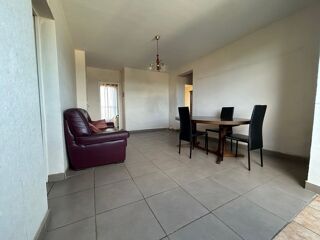  Appartement  vendre 4 pices 69 m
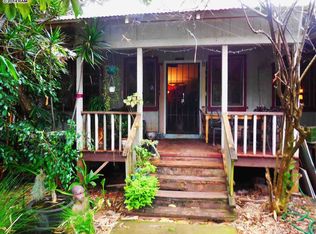 56 Leie St, Makawao, HI 96768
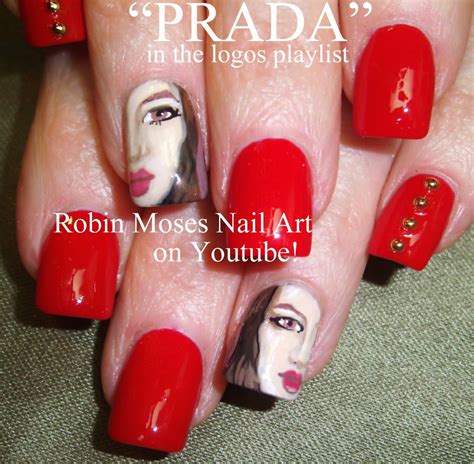 The Prada Nails - Home Facebook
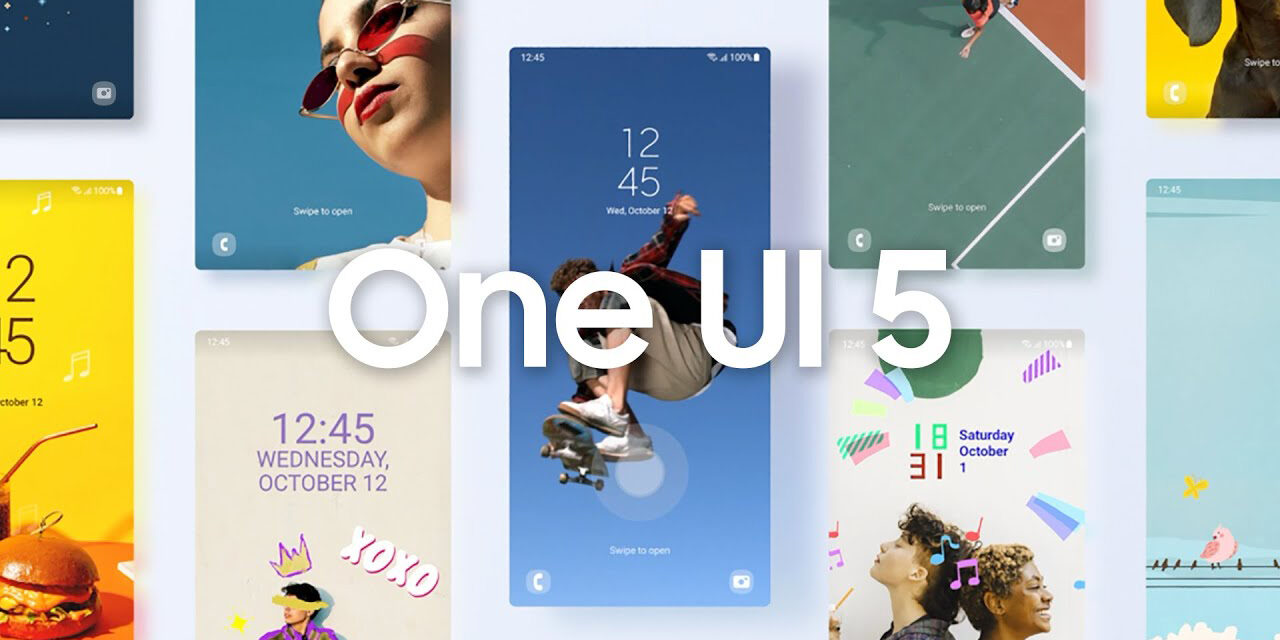 One UI 5 перевершило попередні оновлення за швидкістю і за масштабом, але Samsung незадоволена і хоче бути ще швидшою з Android 14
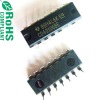 IC CD40106BE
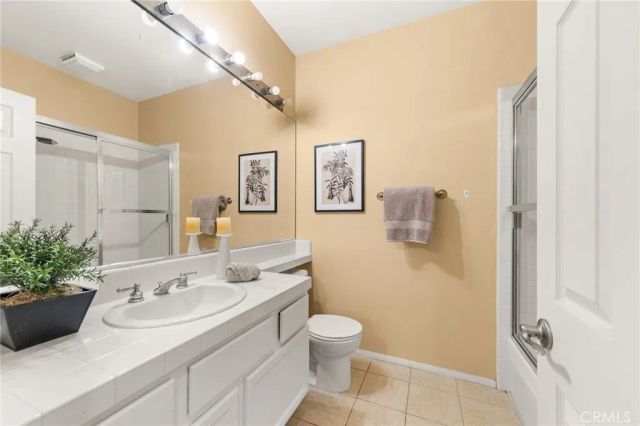 1918 Edinburgh Way, Fullerton, CA 92831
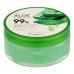 Універсальний гель з алое The Face Shop Jeju Aloe Fresh Soothing Gel, 300 мл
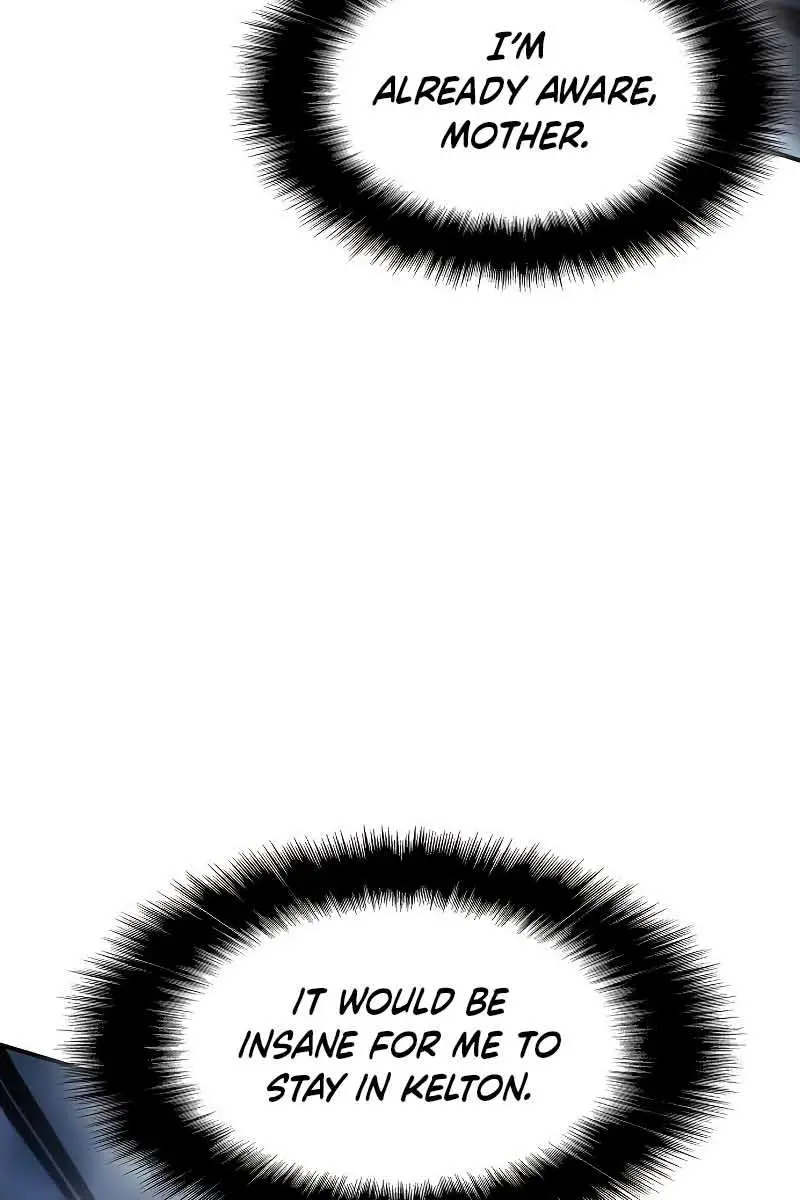 The Priest of Corruption Chapter 15 Page 35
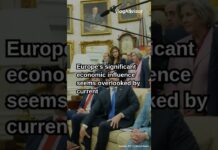 Europe Seeks a Direct Line to Trump, Skeptical That Aides Speak for Him, 17 April 2025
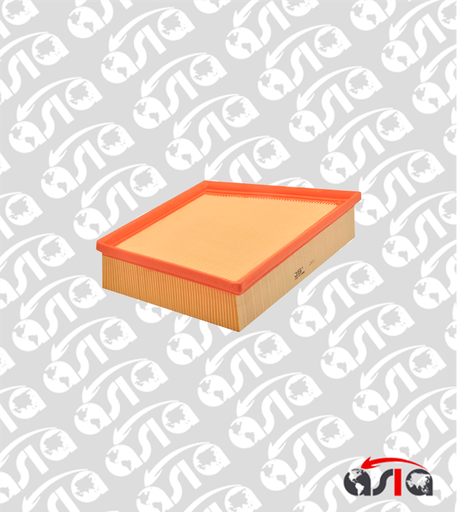 [00014388] FILTRO AIRE RANGE ROVER EVOQUE 11/18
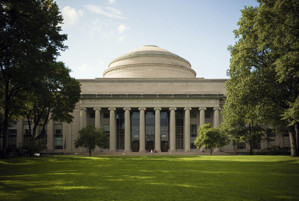 Ảnh của MIT phát hành ứng dụng dựa trên blockchain bitcoin để cấp bằng cho sinh viên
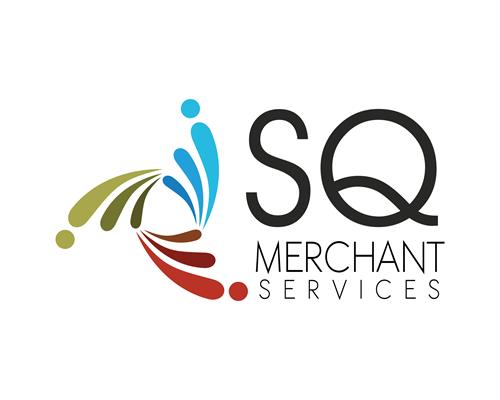 SQ Merchant Services CV (1) Copy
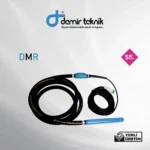 beton-vibratoru-dmr-55-modeli-ureticileri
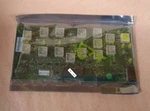Hill-rom Versacare Caregiver Pcb Assembly / Left 155799. Fixed Price $55.00.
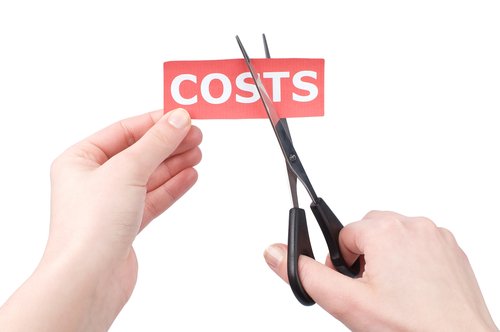 MyHomeEnergyNE's tweet photo. Smaller Energy providers are following suit and increasing energy prices, if you haven't looked at your energy, let us help @MyHomeEnergyNE https://t.co/D27jdfh6zT
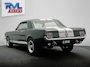 Ford Mustang 289 V8 C-code Automaat Volledig Gerestaureerd NL Kenteken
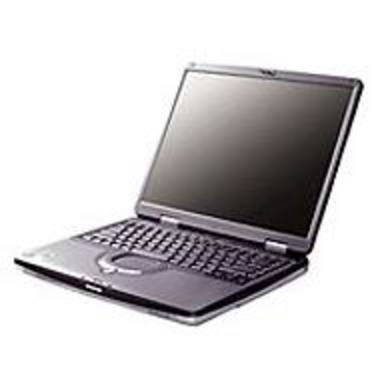 LGIBM Xnote NZ3TH4B00S_이미지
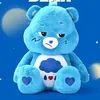 sweet___100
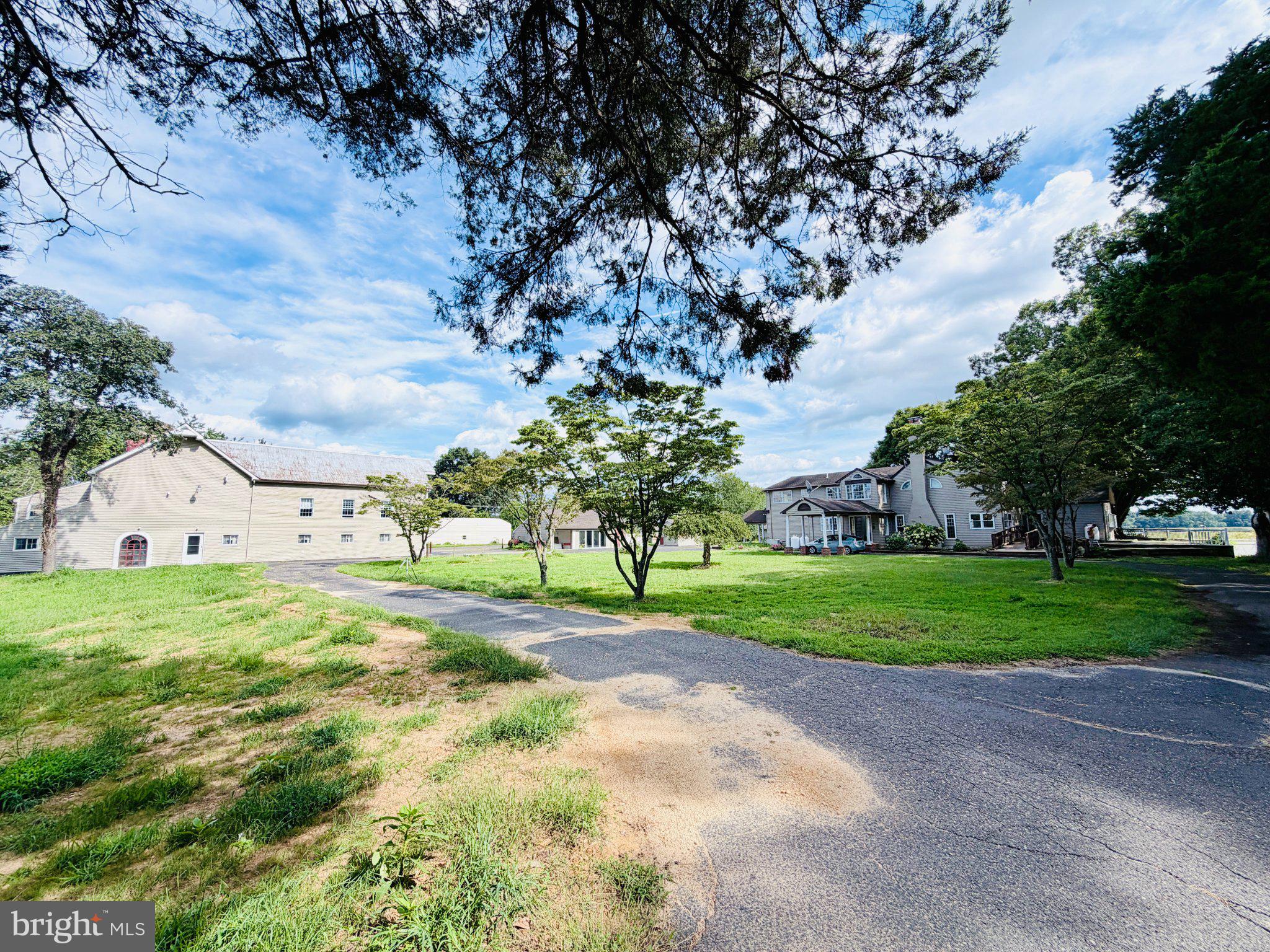 56 Sanitarium Road Bridgeton, NJ 08302 - Photo 70 of 140 Gallery Image 70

☆ ☆ ☆ ☆ ☆ ☆ ☆

What you need to do >> Beginning at the line that has "The Priest of Corruption Chapter 15 Page 35" and ending at the line that has "Hill-rom Versacare Caregiver", restate the listing above word for word, pictures left out.

Solution >>
 The Priest of Corruption Chapter 15 Page 35
 Europe Seeks a Direct Line to Trump, Skeptical That Aides Speak for Him, 17 April 2025
 [00014388] FILTRO AIRE RANGE ROVER EVOQUE 11/18
 Ảnh của MIT phát hành ứng dụng dựa trên blockchain bitcoin để cấp bằng cho sinh viên
 SQ Merchant Services CV (1) Copy
 beton-vibratoru-dmr-55-modeli-ureticileri
Hill-rom Versacare Caregiver Pcb Assembly / Left 155799. Fixed Price $55.00.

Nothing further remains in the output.